### Work task
Go through the entries below and work out how many lines include "garage". Answer with the number only.

### Records for this task
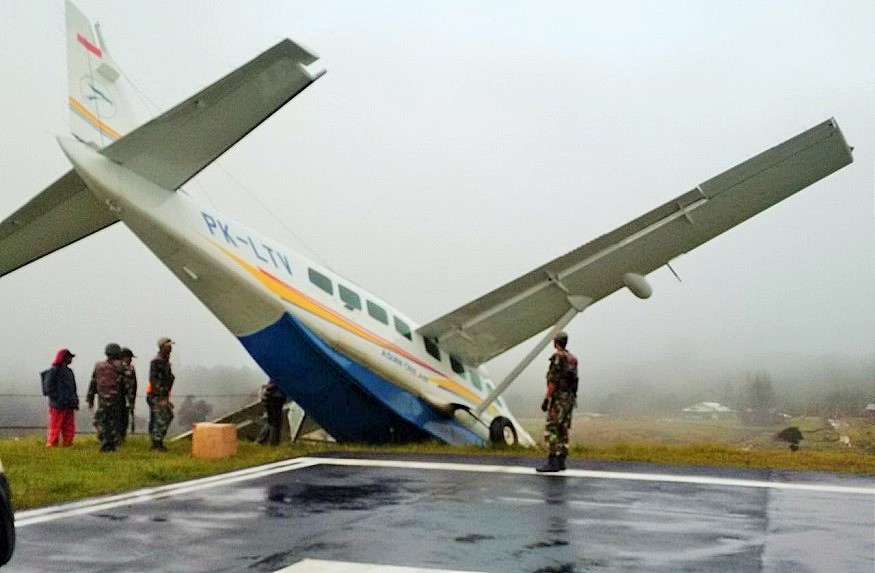 Pesawat Asia One Terjungkal di Bandara Ilaga Papua/Foto : IST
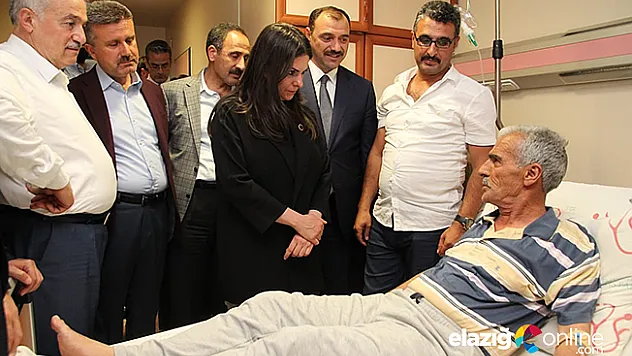 Sarıeroğlu, kaza geçiren şehit babasını ziyaret etti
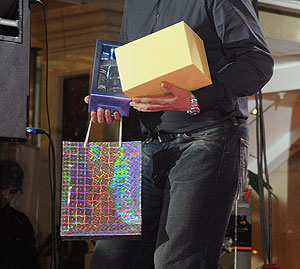 Кризис отступил - да здравствуют бонусы!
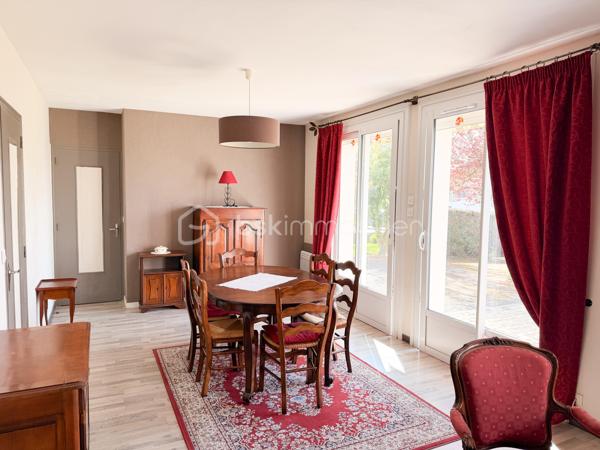 A la recherche d'une maison de plain-pied pour y habiter ou pour la louer ? Elle est idéalement située et offre un beau potentiel à ses futurs acquéreurs. 
Nous commencerons la visite par une entrée qui dessert la cuisine aménagée de 10m2, le séjour de 16m2 et le salon de 10m2. Une pièce de vie lumineuse avec ses 2 baies avec un accès direct à la terrasse et au jardin et ce, sans aucun vis à vis. 
Nous poursuivrons avec l'espace nuit composé d'un wc séparé, d'une salle d'eau de 5m2 environ et de deux chambres de 10 et 12m2. Aujourd'hui celle de 10m2 a été transformé en salon. 
Vous souhaitiez 2 chambres ? Comme c'était la configuration d'origine.... vous pouvez aisément recréer celle-ci en refermant la cloison. 
Vous souhaitez conserver le salon-séjour de 27m2 et avoir une 2ème chambre ? Alors pourquoi pas transformer le garage de 15m2 en seconde chambre ? Vous avez le contenant, à vous d'en créer le contenu souhaité et laisser libre cours à votre imagination.
Le mode de chauffage est électrique avec possibilité si vous le désirez de faire installer un poêle à bois ou un poêle à granulés. 
Si un rafraichissement des tapisseries vous en dit, pas de gros travaux à prévoir sur cette maison bien entretenue. En effet, toutes les menuiseries ont été changées en 2013 avec volet roulant électrique, le chauffe-eau, l'isolation des combles et point important, l'isolation par l'extérieur a été faite en 2021. 
Pour le stockage, un garage de 15m2 et avec la même surface au-dessus pour le grenier. 
Coté jardin, vous pourrez profiter en toute tranquillité d'une parcelle de 440m2 entièrement close.
Alors, cette annonce semble correspondre à vos critères de recherche ? 
Ne tardez pas, appelez-moi pour d'éventuels renseignements complémentaires et peut-être fixer une visite !
Et n'oubliez pas, Saint-Pierre-La-Cour est une commune dynamique de 2300 habitants avec une école privée, une école publique, un collège privé, un pôle enfance jeunesse, mais aussi, médecins, dentiste, kiné, centre de soins infirmiers, ostéopathes, orthophoniste, psychologue, sage-femme,  pharmacie, infirmières libérales ainsi que de nombreuses infrastructures sportives, des commerces (supérette, boulangerie, boucherie, coiffeurs, bar, etc), avec son accès rapide à l'axe Rennes-Laval et à l'autoroute ainsi que sa gare ferroviaire avec ses arrêts quotidiens.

### Answer space
2